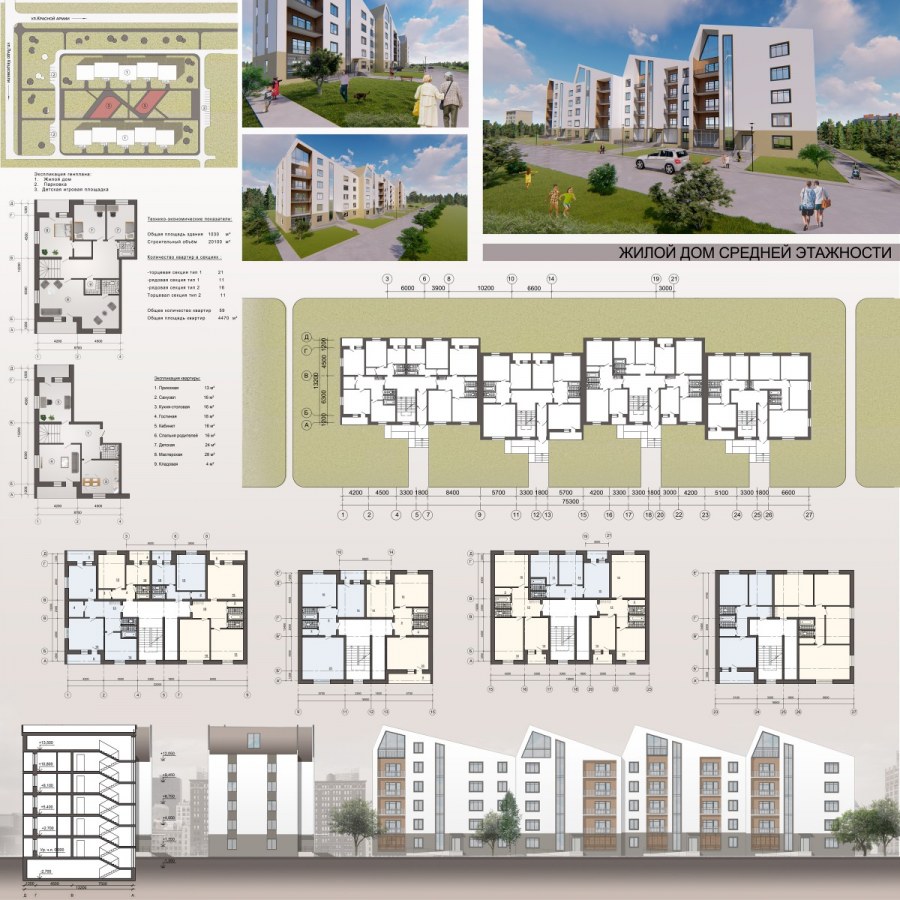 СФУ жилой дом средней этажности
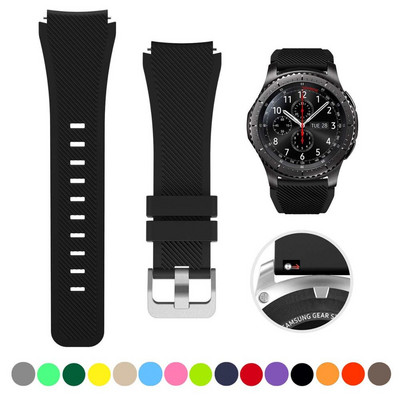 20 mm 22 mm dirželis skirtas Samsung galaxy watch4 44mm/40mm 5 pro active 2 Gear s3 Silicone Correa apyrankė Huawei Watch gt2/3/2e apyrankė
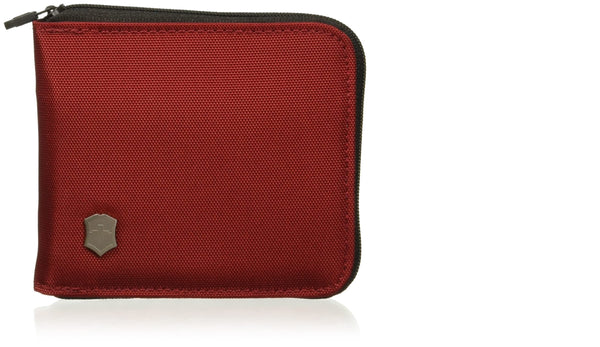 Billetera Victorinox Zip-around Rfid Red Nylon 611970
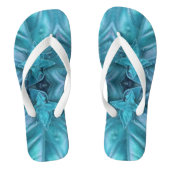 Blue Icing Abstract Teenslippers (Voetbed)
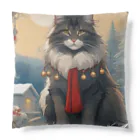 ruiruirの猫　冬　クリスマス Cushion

Instructions to follow:
An exact copy of the entries above is needed, with the pictures removed.

Task output:
 СФУ жилой дом средней этажности
 20 mm 22 mm dirželis skirtas Samsung galaxy watch4 44mm/40mm 5 pro active 2 Gear s3 Silicone Correa apyrankė Huawei Watch gt2/3/2e apyrankė
 Billetera Victorinox Zip-around Rfid Red Nylon 611970
 Blue Icing Abstract Teenslippers (Voetbed)
 ruiruirの猫　冬　クリスマス Cushion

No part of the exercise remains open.